Section 149(1)(a) states that a public authority must, in the exercise of its functions…

“have due regard to the need to eliminate discrimination, harassment, victimisation and any other conduct that is prohibited under this Act.”

It was a matter of agreement between parties that pupils in the responsible body with a disability are two and a half times more likely to be excluded than non-disabled pupils. It was further a matter of agreement between parties that the RB does not address the issue of exclusion of pupils with disabilities in their statutory equality planning or their Accessibility Strategy. The RB does take steps to monitor the rates of exclusion of pupils with disabilities, however it was clear that the RB has not adopted an effective means of reducing either the number of exclusions or the gap between the rate of exclusions for pupils with a disability and non-disabled pupils. There was compelling evidence before the tribunal on the negative impact that exclusion had on children, said

 

impact being compounded for children with additional support needs such as the child. Whilst not all children with additional support needs will have a disability in terms of the 2010 Act, the evidence was that some children within this group will have a disability and will be placed at a disadvantage within the meaning of the Act.

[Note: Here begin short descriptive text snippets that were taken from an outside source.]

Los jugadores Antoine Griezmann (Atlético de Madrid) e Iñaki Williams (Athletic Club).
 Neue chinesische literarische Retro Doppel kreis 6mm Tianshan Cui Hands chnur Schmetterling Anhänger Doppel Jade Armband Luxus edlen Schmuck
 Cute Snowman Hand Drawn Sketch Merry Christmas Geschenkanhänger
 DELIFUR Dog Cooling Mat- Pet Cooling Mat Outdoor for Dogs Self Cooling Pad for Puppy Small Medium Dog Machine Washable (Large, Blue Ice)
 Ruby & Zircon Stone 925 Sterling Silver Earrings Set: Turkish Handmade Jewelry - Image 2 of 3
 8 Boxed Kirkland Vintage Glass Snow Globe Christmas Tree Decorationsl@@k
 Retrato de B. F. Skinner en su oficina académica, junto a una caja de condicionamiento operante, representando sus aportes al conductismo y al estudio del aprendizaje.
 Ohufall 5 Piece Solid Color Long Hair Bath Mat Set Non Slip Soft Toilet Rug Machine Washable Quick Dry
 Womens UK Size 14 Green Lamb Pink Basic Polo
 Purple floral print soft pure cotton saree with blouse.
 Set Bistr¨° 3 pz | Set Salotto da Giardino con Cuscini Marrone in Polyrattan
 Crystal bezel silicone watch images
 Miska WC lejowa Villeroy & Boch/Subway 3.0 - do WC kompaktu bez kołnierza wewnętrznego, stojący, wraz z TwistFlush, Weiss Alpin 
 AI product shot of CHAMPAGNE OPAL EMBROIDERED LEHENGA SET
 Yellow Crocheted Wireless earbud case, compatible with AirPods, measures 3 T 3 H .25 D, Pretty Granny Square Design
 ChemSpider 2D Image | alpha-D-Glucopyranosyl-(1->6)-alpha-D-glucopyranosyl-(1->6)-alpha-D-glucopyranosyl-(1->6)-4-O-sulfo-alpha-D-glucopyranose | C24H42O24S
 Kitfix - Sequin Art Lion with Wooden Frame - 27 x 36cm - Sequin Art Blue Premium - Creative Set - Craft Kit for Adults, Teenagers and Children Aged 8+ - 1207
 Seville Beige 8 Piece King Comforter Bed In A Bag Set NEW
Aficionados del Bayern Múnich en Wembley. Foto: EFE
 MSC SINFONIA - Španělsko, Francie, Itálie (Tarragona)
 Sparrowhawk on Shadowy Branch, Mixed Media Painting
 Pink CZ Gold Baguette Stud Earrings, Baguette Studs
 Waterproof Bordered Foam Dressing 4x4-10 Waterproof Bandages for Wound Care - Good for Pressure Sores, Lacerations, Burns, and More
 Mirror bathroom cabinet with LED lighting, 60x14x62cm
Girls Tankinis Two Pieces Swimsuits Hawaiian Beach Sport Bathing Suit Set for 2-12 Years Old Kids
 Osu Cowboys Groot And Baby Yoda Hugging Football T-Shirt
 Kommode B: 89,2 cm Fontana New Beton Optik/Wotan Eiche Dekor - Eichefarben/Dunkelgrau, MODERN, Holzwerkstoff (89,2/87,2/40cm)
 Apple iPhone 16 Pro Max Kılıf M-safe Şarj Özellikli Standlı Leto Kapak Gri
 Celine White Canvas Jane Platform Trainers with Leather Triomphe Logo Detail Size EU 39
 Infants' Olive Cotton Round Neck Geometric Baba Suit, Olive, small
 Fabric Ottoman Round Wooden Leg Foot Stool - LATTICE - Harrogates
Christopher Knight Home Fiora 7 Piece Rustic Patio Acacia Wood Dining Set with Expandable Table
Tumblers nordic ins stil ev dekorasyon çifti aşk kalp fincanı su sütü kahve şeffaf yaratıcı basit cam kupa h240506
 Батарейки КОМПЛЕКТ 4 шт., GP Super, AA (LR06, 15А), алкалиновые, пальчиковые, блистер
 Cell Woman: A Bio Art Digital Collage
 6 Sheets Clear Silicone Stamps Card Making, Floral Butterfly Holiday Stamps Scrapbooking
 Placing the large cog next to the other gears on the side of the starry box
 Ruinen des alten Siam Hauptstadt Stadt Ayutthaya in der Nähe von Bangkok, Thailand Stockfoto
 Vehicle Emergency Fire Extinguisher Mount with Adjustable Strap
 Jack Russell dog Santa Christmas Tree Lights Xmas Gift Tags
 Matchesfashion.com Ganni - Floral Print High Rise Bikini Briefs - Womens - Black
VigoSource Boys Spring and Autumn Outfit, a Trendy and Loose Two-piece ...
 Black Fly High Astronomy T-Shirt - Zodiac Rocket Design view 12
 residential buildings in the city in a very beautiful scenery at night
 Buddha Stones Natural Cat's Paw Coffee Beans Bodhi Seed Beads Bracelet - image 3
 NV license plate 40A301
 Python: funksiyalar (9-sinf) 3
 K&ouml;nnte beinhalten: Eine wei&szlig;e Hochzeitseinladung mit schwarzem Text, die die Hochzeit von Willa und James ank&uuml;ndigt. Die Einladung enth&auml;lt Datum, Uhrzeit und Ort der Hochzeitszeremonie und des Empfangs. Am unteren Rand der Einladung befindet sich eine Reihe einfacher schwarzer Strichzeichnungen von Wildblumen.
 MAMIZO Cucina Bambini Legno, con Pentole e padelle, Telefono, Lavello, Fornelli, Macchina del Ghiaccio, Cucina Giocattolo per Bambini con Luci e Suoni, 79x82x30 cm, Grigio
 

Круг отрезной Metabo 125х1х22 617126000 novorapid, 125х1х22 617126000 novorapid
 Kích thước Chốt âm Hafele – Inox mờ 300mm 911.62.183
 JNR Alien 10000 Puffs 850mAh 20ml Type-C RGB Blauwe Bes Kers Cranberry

The tribunal agreed with the claimant’s argument that it is difficult to see how the RB, as a public authority, can be said to have, in the exercise of its functions, had due regard to the need to eliminate discrimination in terms of section 149 of the Act.

Evidence in this case often focussed on whether or not exclusion was an appropriate or effective means of managing behavioural issues children with ASNs as well as the impact that exclusion had on children. The tribunal was clear from the outset that we were not charged with determining this issue. Whether exclusion is an appropriate or effective means of dealing with any challenging behaviour of children with ASNs is a matter for others to decide. The role of the tribunal in this case was to determine whether or not any single act of exclusion in relation to the child and the RB’s policy underpinning its use were discriminatory within the context of the Equality Act 2010. The tribunal found that they were for the reasons stated and accordingly finds the claims established.

The Tribunal is grateful to party’s agents for the careful preparation of submissions and steps taken to assist the tribunal throughout the hearing stage.